YOUR GOAL. Locate the line that contains "serene abstract Loki" in the entries below, then repeat it and every following line through the line that contains "Desktop Stand Mini", exactly, and no others.

SUPPLIED MATERIAL below:

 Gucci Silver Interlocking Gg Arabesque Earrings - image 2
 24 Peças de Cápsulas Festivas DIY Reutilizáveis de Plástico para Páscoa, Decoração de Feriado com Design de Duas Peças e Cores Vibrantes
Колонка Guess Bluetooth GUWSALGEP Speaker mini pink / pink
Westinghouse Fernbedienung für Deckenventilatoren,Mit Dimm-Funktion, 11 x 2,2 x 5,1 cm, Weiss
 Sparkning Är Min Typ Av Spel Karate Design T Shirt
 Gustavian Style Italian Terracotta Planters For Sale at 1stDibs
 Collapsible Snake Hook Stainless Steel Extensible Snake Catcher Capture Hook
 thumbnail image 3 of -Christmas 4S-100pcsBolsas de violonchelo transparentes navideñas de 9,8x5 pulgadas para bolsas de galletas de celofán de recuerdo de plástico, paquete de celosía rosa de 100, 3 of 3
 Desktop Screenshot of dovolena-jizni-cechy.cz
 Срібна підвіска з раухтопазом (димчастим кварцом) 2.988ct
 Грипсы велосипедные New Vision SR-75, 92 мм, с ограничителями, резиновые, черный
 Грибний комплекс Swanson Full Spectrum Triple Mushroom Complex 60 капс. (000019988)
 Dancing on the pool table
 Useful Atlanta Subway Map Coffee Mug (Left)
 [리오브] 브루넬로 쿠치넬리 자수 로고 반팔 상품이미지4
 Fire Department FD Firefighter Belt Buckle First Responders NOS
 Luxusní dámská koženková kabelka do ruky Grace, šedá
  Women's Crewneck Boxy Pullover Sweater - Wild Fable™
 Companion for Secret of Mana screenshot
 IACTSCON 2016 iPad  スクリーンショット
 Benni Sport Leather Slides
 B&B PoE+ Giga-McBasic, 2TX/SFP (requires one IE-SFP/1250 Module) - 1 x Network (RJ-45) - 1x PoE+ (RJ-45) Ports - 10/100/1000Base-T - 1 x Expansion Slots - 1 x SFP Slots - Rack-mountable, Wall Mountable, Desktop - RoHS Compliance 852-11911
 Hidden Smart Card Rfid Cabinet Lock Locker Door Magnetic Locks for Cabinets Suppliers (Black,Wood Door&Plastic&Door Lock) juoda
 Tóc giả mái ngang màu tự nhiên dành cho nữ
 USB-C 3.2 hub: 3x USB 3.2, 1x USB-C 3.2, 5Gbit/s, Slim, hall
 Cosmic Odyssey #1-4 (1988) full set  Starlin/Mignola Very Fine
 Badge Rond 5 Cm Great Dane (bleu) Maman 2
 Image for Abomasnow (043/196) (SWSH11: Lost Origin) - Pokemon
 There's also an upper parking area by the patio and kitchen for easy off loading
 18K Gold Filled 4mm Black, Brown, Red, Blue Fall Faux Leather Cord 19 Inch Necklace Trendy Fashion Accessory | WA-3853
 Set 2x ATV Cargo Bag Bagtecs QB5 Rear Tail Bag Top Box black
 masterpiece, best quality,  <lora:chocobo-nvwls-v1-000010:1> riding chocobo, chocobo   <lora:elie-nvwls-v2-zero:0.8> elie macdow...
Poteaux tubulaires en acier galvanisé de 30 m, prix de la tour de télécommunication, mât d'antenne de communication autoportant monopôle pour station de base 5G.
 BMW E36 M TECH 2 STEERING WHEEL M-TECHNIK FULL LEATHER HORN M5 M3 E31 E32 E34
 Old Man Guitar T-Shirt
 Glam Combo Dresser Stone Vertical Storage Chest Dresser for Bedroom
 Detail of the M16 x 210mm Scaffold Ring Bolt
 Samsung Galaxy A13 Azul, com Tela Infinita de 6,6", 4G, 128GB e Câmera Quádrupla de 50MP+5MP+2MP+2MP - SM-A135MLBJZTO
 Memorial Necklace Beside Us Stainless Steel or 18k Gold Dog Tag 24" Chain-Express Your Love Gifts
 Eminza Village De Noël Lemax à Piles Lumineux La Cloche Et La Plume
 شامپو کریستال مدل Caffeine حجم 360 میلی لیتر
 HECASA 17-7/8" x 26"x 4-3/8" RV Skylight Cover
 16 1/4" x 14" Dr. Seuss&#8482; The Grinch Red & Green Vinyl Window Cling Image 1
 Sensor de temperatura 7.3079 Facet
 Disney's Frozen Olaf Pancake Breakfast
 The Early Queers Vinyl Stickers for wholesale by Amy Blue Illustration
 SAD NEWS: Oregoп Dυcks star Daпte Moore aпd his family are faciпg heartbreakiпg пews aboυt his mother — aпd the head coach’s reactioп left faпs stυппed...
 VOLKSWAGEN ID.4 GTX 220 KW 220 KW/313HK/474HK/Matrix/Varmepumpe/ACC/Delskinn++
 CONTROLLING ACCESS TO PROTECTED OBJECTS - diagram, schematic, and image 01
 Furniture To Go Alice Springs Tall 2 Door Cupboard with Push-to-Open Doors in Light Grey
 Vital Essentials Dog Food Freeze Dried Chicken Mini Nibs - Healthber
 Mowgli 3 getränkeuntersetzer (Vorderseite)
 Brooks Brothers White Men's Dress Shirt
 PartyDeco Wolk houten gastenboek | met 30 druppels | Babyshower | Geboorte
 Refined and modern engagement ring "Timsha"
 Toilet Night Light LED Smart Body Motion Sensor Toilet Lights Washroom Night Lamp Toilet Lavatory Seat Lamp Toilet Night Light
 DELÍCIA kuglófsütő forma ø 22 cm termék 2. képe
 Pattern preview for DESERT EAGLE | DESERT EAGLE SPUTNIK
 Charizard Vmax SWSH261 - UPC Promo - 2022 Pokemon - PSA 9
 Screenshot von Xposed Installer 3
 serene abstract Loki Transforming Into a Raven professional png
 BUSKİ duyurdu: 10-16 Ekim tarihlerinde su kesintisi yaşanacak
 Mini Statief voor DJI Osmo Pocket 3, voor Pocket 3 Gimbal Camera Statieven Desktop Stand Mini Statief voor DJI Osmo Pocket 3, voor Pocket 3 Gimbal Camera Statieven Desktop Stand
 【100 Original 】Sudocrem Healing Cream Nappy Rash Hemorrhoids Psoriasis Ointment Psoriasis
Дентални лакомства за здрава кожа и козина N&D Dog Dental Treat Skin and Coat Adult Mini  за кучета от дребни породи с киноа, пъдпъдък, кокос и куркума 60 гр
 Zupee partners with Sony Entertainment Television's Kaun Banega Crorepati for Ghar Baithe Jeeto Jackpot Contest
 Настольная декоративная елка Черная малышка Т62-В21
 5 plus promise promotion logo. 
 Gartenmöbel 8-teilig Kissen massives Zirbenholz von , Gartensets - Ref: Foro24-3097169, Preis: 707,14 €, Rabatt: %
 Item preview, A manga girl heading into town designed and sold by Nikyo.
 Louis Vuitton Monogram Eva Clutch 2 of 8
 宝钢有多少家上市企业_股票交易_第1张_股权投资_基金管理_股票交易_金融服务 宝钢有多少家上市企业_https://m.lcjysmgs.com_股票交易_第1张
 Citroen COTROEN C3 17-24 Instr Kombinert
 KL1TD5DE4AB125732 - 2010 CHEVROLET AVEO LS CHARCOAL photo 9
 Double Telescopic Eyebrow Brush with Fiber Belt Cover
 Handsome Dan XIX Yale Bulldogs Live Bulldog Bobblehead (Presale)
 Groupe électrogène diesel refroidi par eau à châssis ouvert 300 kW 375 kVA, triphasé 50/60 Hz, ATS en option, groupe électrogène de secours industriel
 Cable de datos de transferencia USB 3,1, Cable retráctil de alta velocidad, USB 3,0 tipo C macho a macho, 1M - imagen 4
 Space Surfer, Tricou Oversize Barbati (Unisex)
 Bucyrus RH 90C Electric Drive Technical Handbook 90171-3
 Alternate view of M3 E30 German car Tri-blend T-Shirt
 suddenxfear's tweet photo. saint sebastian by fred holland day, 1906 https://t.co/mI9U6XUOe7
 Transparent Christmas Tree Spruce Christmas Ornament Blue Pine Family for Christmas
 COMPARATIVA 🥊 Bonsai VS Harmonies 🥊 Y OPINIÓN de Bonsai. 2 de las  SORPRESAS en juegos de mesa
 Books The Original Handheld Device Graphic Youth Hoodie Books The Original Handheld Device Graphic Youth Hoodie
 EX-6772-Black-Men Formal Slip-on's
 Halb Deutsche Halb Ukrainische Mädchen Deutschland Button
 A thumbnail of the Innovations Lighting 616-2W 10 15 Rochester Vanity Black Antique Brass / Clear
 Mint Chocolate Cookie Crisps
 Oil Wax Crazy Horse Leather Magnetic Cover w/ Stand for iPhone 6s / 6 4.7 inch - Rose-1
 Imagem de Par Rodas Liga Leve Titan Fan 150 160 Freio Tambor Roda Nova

End of SUPPLIED MATERIAL.

RESULT OF THE EXERCISE.
 serene abstract Loki Transforming Into a Raven professional png
 BUSKİ duyurdu: 10-16 Ekim tarihlerinde su kesintisi yaşanacak
 Mini Statief voor DJI Osmo Pocket 3, voor Pocket 3 Gimbal Camera Statieven Desktop Stand Mini Statief voor DJI Osmo Pocket 3, voor Pocket 3 Gimbal Camera Statieven Desktop Stand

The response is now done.